* [Aim of the exercise] Please repeat, precisely as written, only the lines from the one containing "Foto - Haus" through the last line of the records below, pictures omitted.

* [Short text fragments from websites]

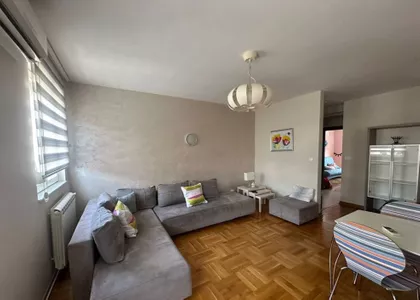 Svetog Klimenta | 4zida.rs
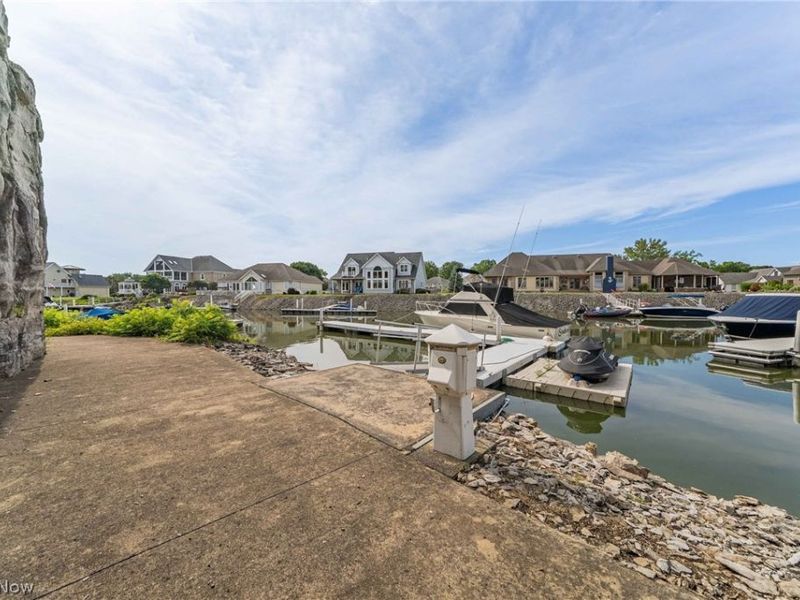 3706 E Baycliffs Drive, Lakeside Marblehead, OH 43440 Photo 44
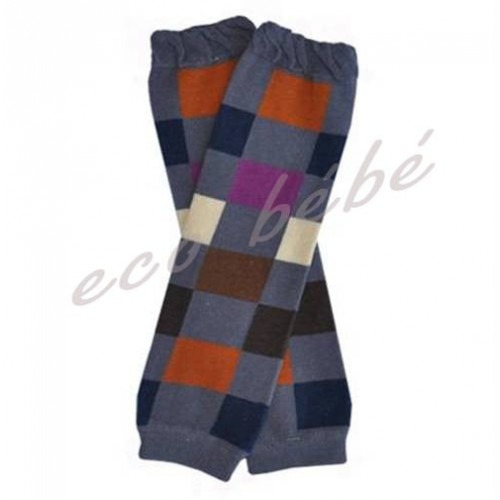 Jambières Damier Jambières Damier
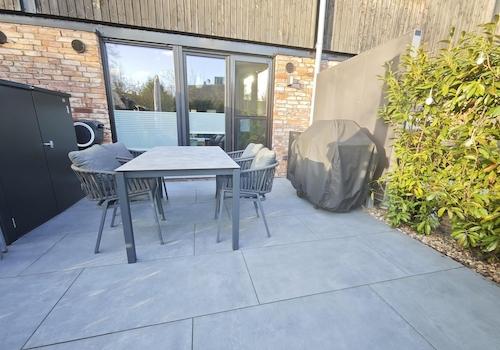 Südterrasse 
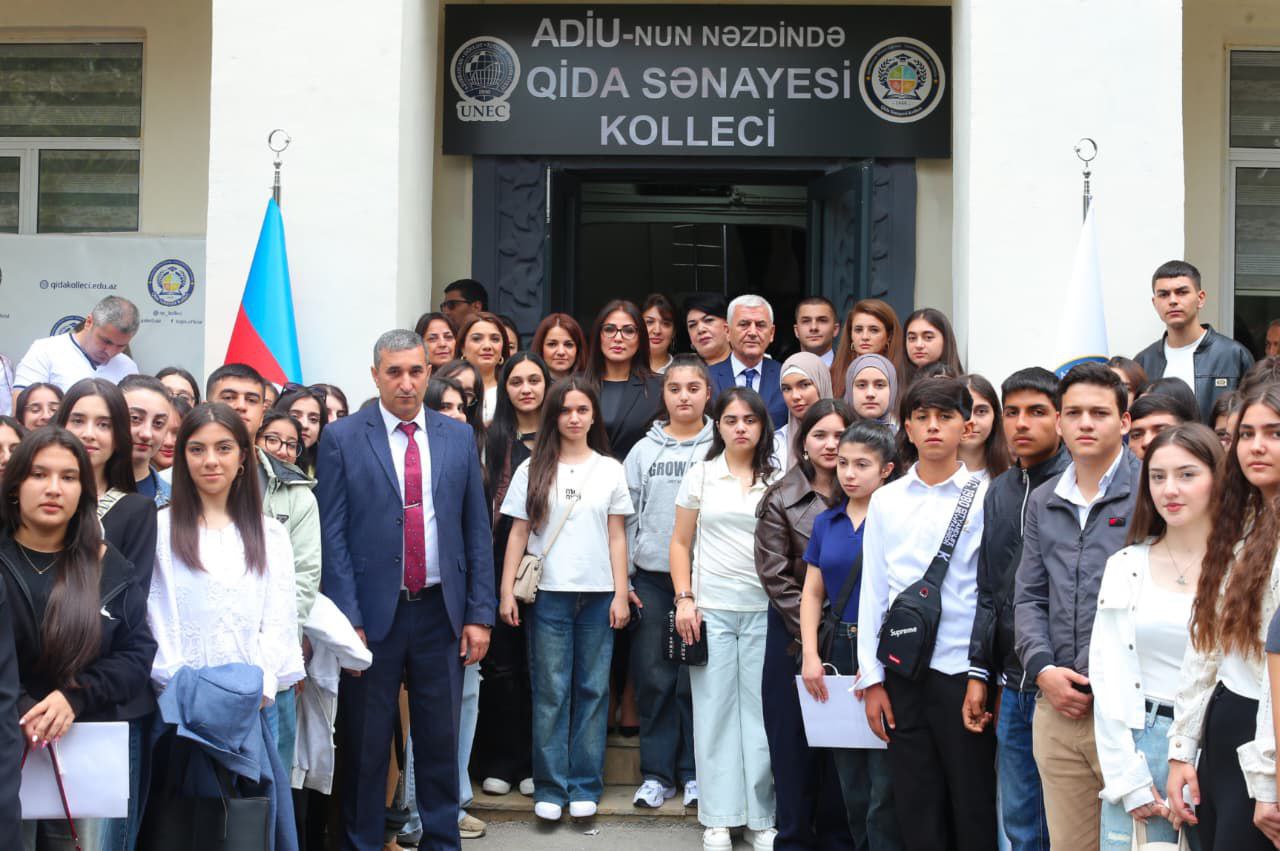 xeber1
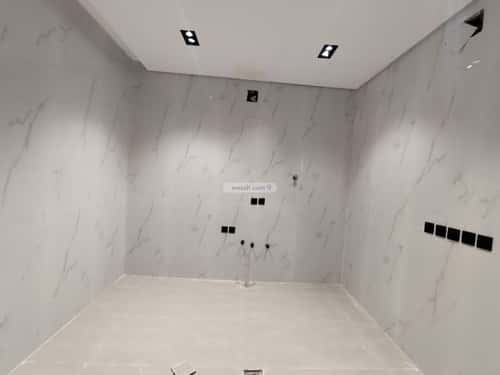 فيلا 252 متر مربع شرقية على شارع 20م عكاظ، جنوب الرياض، الرياض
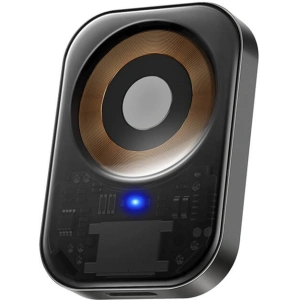 Kup Indukční magnetická nabíječka Mcdodo CH-2061 3.5W Apple Watch - MDD179 - {ean13} - Sklep Home Screen
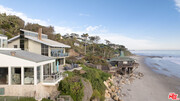 Photo - 33334 Pacific Coast Hwy House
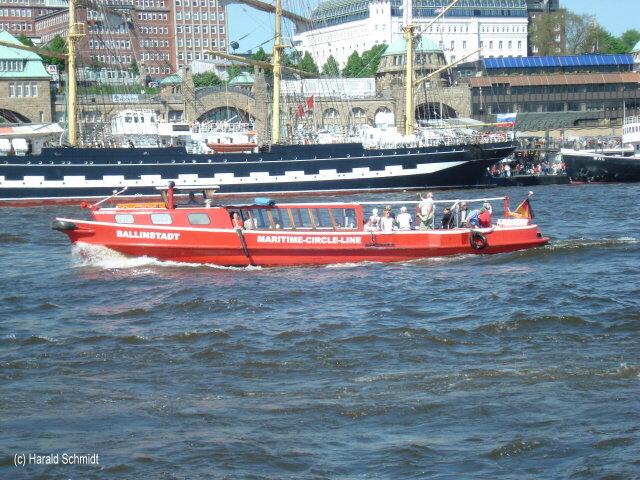 Ballinstadt 001 am 19.5.2008 (mb066)
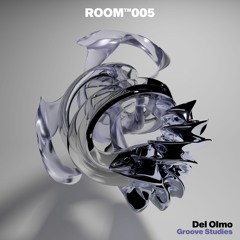 GTG Premiere | Del Olmo - Perc 101 [ROOM™005]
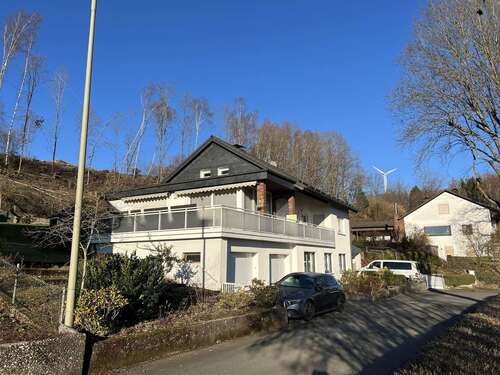 Foto - Haus zum Kaufen in Siegen-Breitenbach 479.000,00 € 230 m²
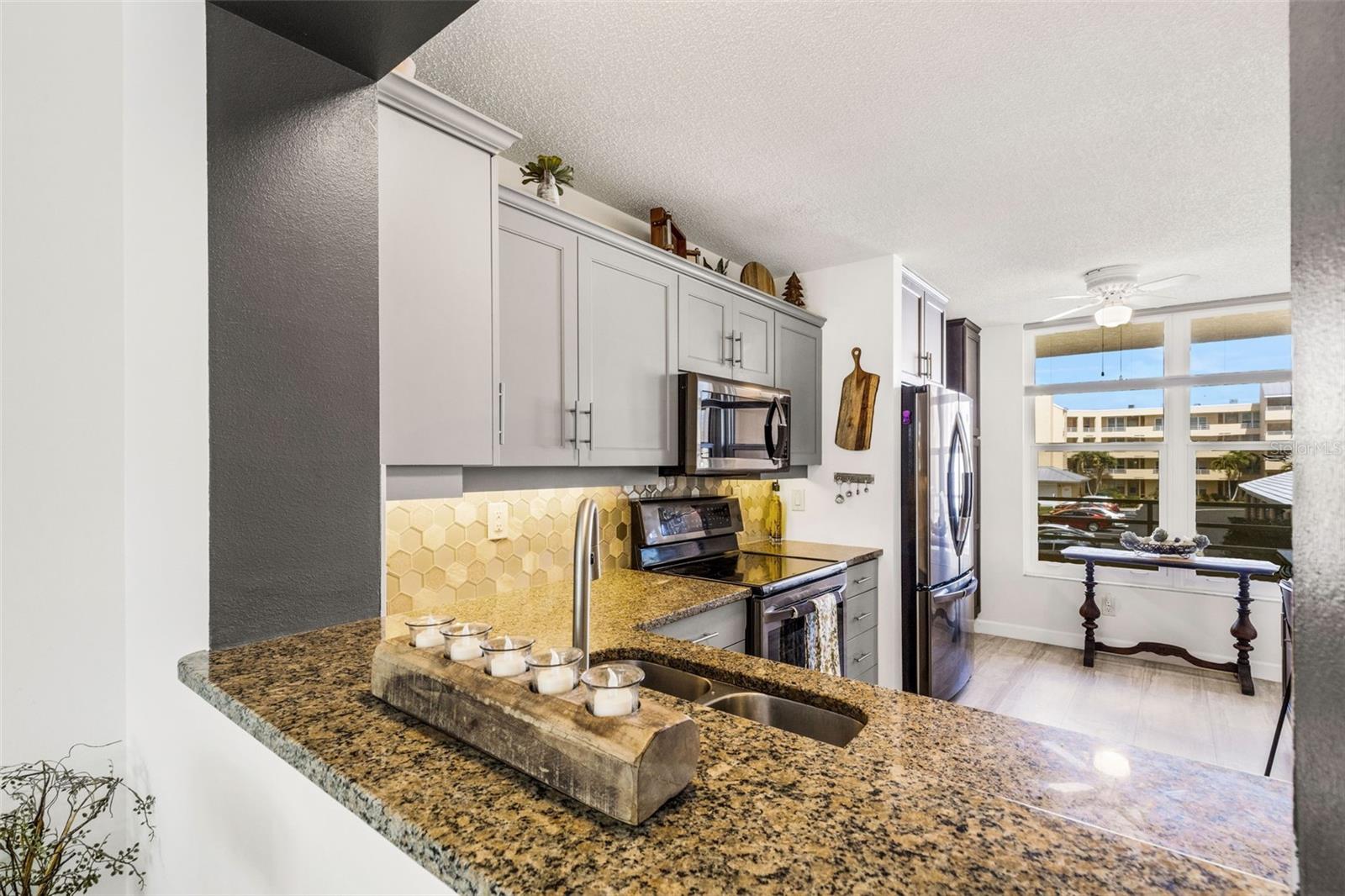 THE FAIRWAYS AT PINEBROOK PH II - Residential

* [Exercise result]
 Foto - Haus zum Kaufen in Siegen-Breitenbach 479.000,00 € 230 m²
 THE FAIRWAYS AT PINEBROOK PH II - Residential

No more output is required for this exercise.